Em 2011, antes da intervenção da troika, Fernando Faria de Oliveira, então presidente da CGD, dizia isto: “Nos últimos três anos, a Caixa cumpriu cabalmente com as missões que lhe estão incumbidas, que são o financiamento da economia e estabilidade dos sistema financeiro”. Na conferência de apresentação de resultados de 2010 o banco, o responsável sublinhou que, nos últimos três anos, o crédito cresceu 20,9% e que “os resultados antes de impostos de 2010 são um terço dos de 2007".

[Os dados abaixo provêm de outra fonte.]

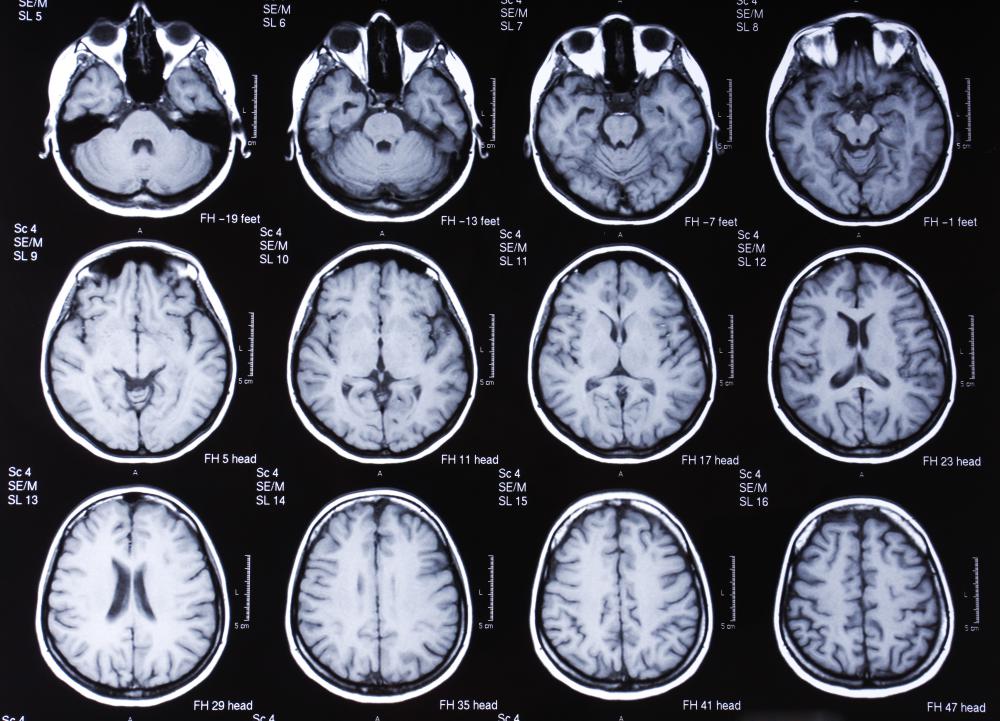A MRI scan of the brain.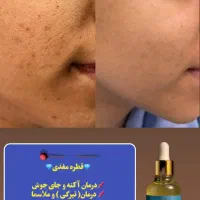 رف انواع لک و کک ومک (لکه بر معروف جهانی فرانسوی)|آرایشی، بهداشتی، درمانی|تهران, زعفرانیه|دیوار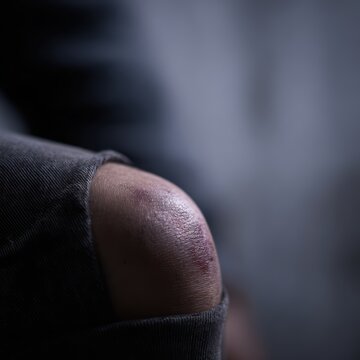 Injury concept, close-up bruised knee after accident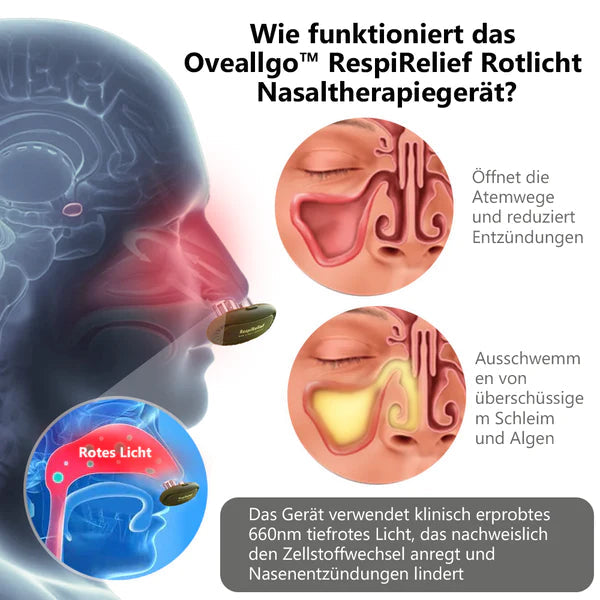 OVEALLGO™ AZONNALI LÉGLEGZŐSÉGI ORRTERÁPIÁS KÉSZÜLÉK VÖRÖS FÉNYEL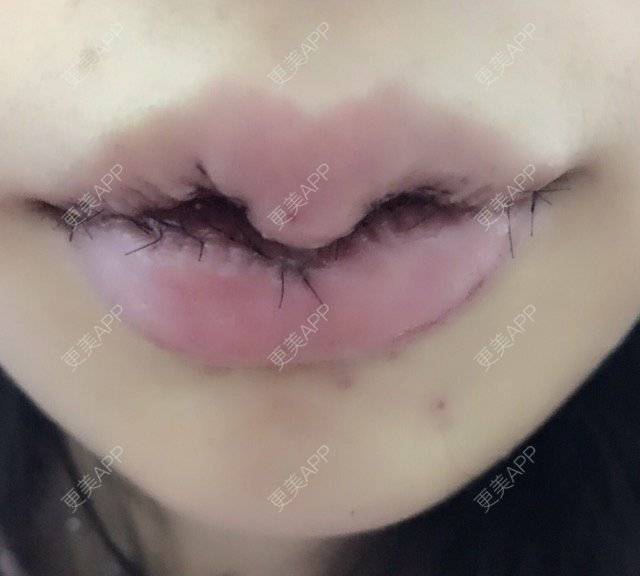 更美用户sepnxpqvyw的唇形日记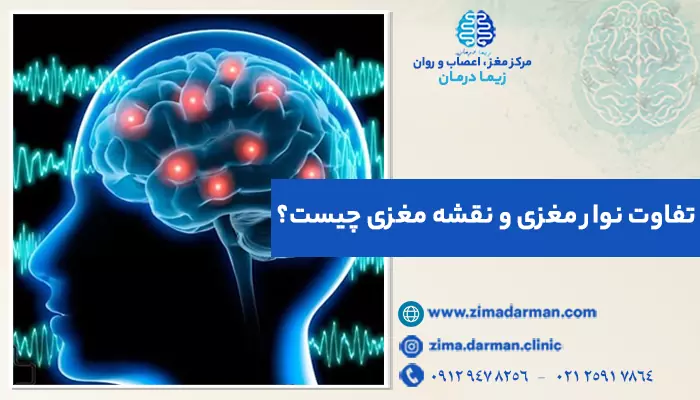 تصویر سیگنال های مغزی؛ تفاوت نقشه مغزی و نوار مغزی چیست؟ بررسی فرق نقشه مغزی با نوار مغزی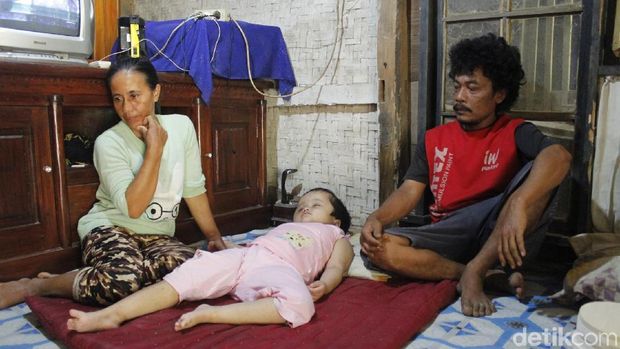 Hidrosefalus, Bocah 7 Tahun di Cipatat Tak Berdaya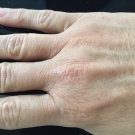 Parvovirus B19 Infection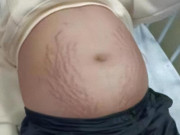 Yêu con - Mẹ nghi con gái lớp 3 mang thai vì bụng to bất thường, đi khám bác sĩ kết luận 5 chữ khiến mẹ gục ngã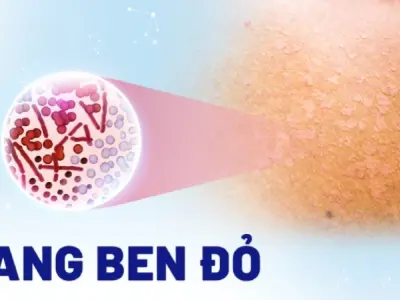 Hình ảnh bệnh lang beng đỏ trên da và cách phân biệt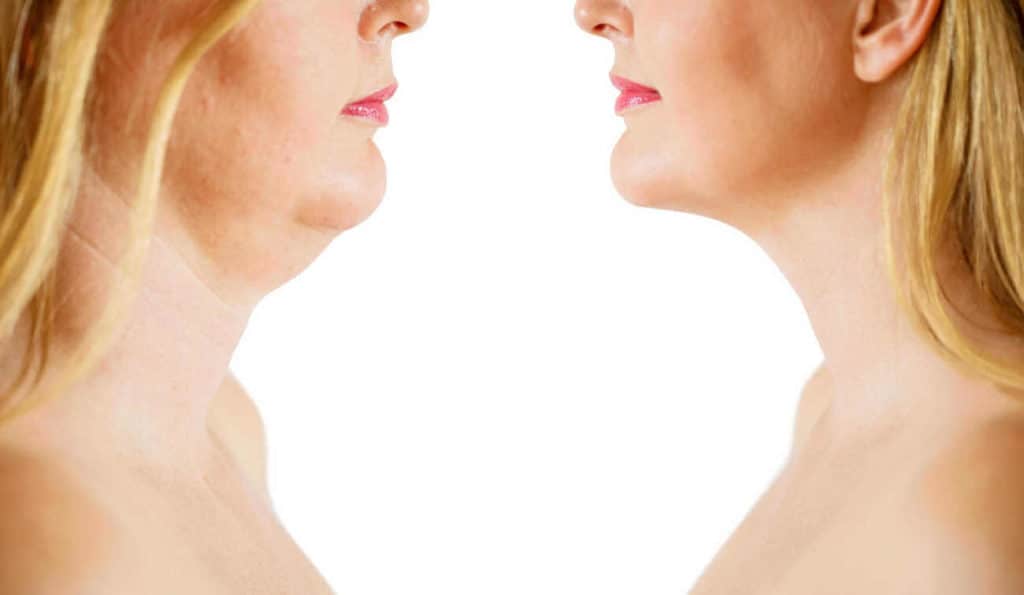 Double Chin treatment Fareham before and after results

Quando ninguém emprestava às empresas (2011, 2012, 2013), durante a crise financeira e depois durante a crise de dívida soberana, a CGD, por instruções do seu accionista, e por ser um banco público emprestava às empresas, e emprestava às PME e isso tinha um custo, na conta de resultados e no capital. A CGD concedia crédito às empresas com spreads mais baixos do que os bancos privados, mas financiava-se ao mesmo preço e isso degradou a margem financeira. Porque o fez? Porque ao ser um banco público era essa a sua missão.

Ora os bancos privados não seguem essa cartilha. O aumento do crédito é um objectivo dos bancos. Mas essa concessão de crédito não pode deixar de seguir critérios de avaliação do risco correctos e prudentes, sob pena de enfraquecerem os bancos, e os spreads reflectem o risco de crédito, não reflectem missões de apoio à economia.

A CGD por ser pública foi uma espécie de BCE da economia portuguesa antes do Plano Draghi vir ajudar à liquidez do sistema (quantitative easing começou no inicio de 2015).

Nunca se esqueçam disso. A Caixa está como está porque tem incumbências de banco público que custam caro.

P.S. Para além da actividade core a CGD serviu também durante anos como fundo soberano do Estado para a compra de participações em empresas estratégicas (whatever that means). Foi a golden share, e a blindagem de votos na gestão privada de empresas como por exemplo a PT. 

Durante anos a CGD era o banco que entrava no capital de uma empresa que o Estado queria condicionar os destinos. Isso é também uma vicissitude de ser um banco público e não o contrário.

Sei que hoje toda a gente tende a defender a CGD como banco do Estado, porque acredita que será a única maneira de ter um banco de grande dimensão no espaço europeu que convida às fusões e ao desaparecimento de bancos mais pequenos às escala europeia e menos rentáveis. Esse designio de que falou Nuno Amado, de haver um banco português de referência. Mas, será que ser do Estado garante esse estatuto à CGD? Não depende também ela das directizes de Bruxelas e Frankfurt?